_RECORDS SHOWN_:
------

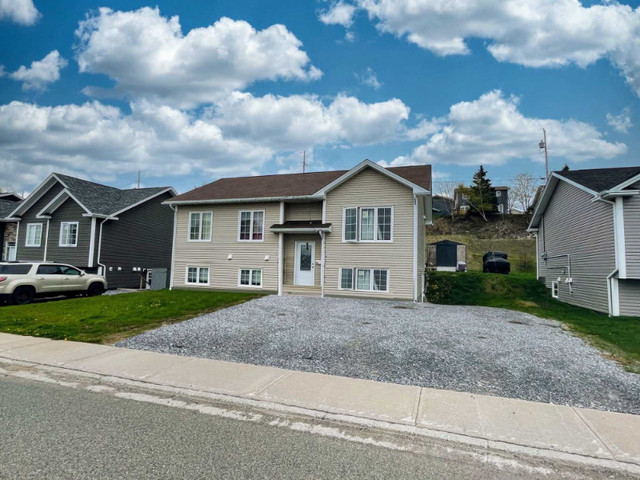 Open concept, well maintained, with 2 bed mortgage helper in Houses for Sale in Corner Brook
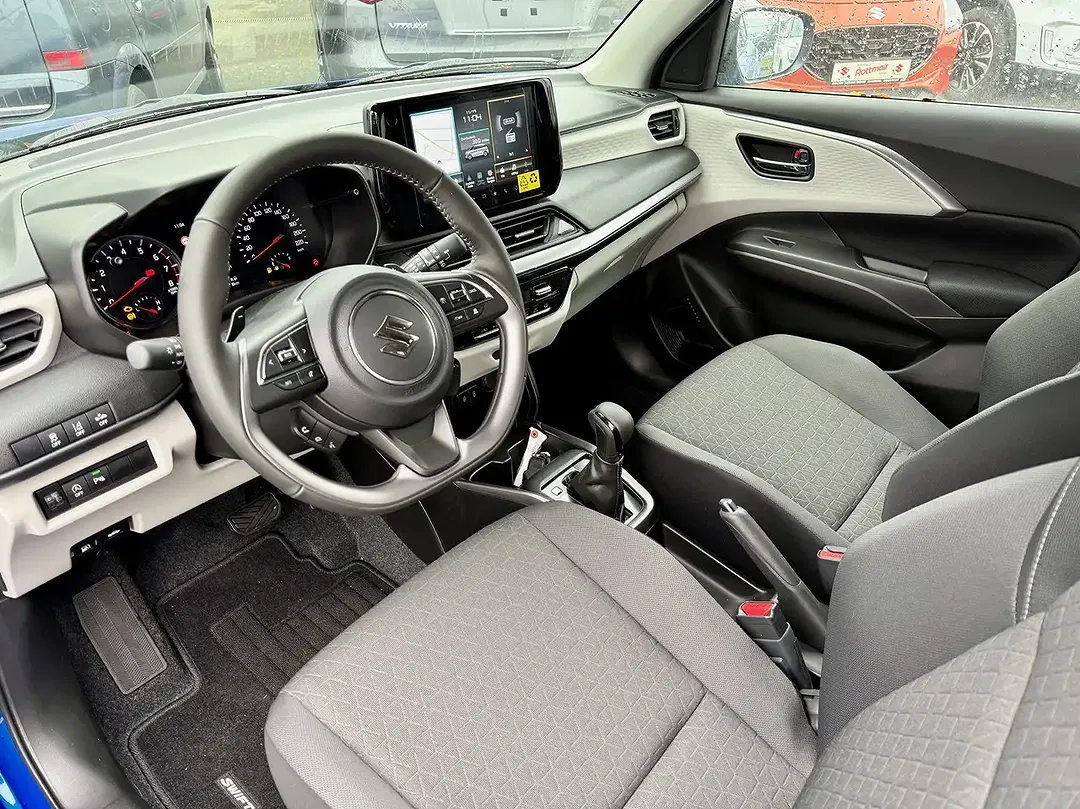 Suzuki Swift - Thumbnail 11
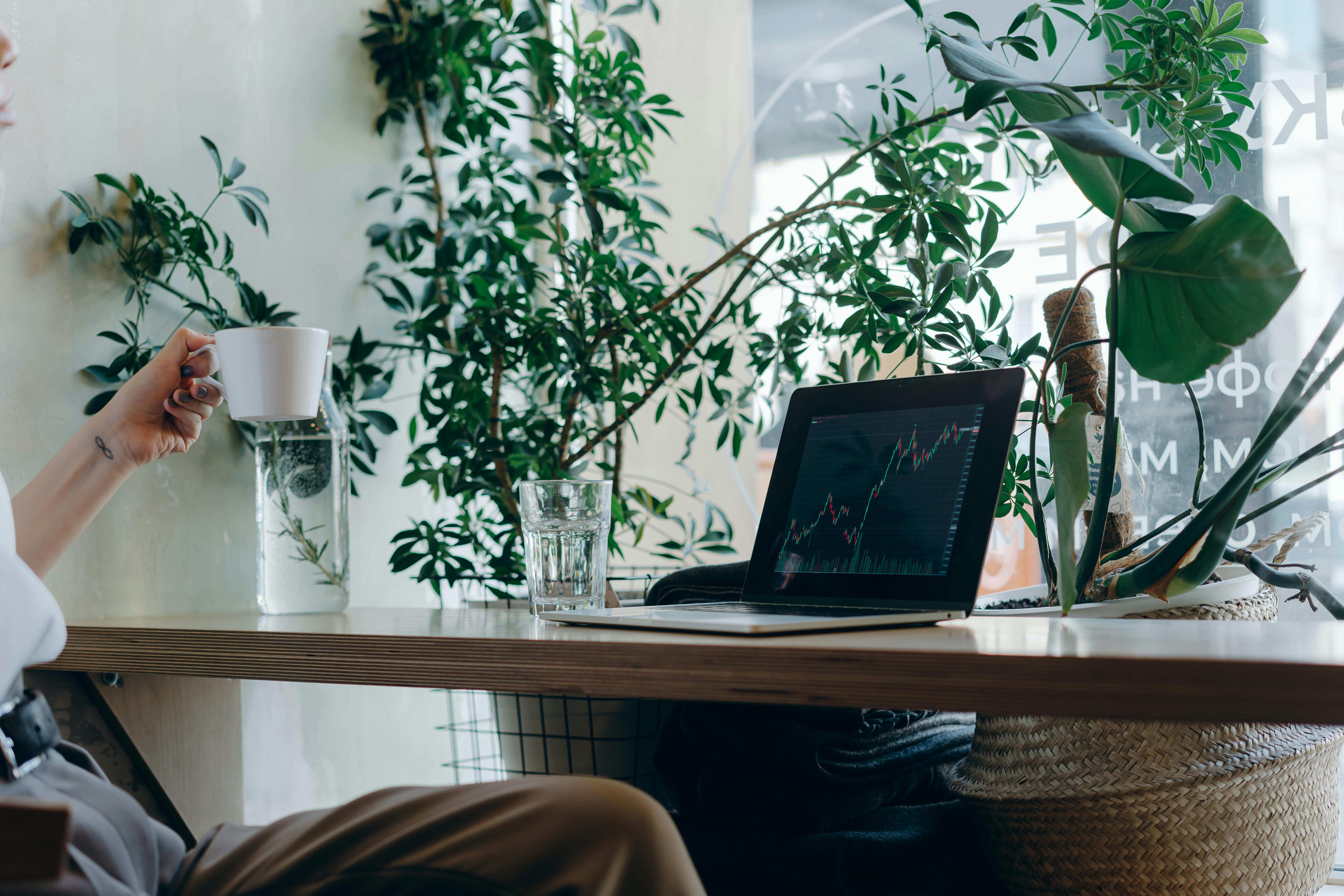 Selecting The Best Fintech Apps For Seamless Investment Tracking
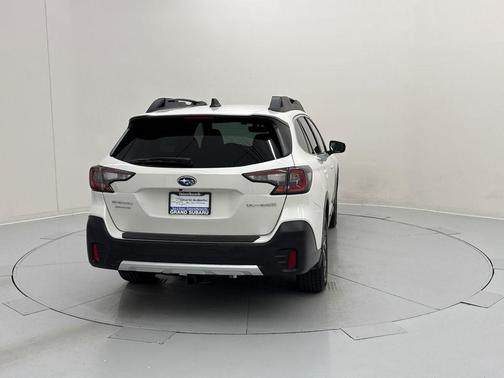 Crystal White Pearl 2022 Subaru Outback Limited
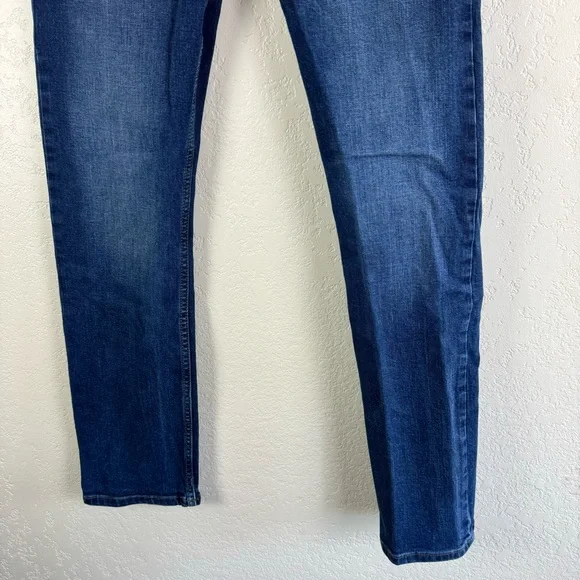 Wrangler | slim straight dark washed jeans | 29x32 - Picture 3 of 5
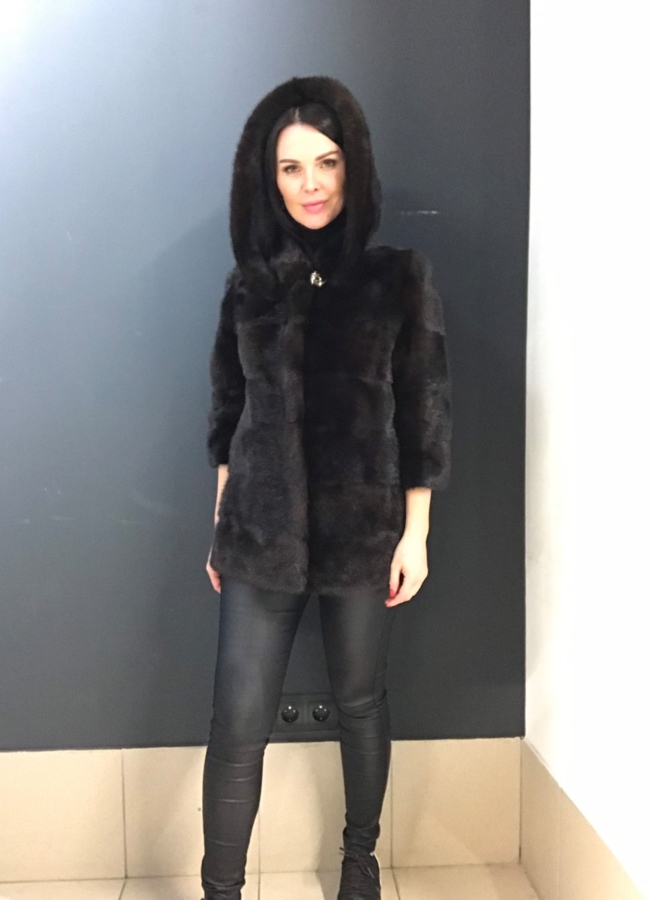 фото Укороченная норковая шуба с капюшоном модель № 2014С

------

Once the pictures are set aside, write out each record exactly.

 Open concept, well maintained, with 2 bed mortgage helper in Houses for Sale in Corner Brook
 Suzuki Swift - Thumbnail 11
 Selecting The Best Fintech Apps For Seamless Investment Tracking
 Crystal White Pearl 2022 Subaru Outback Limited
 Wrangler | slim straight dark washed jeans | 29x32 - Picture 3 of 5
 фото Укороченная норковая шуба с капюшоном модель № 2014С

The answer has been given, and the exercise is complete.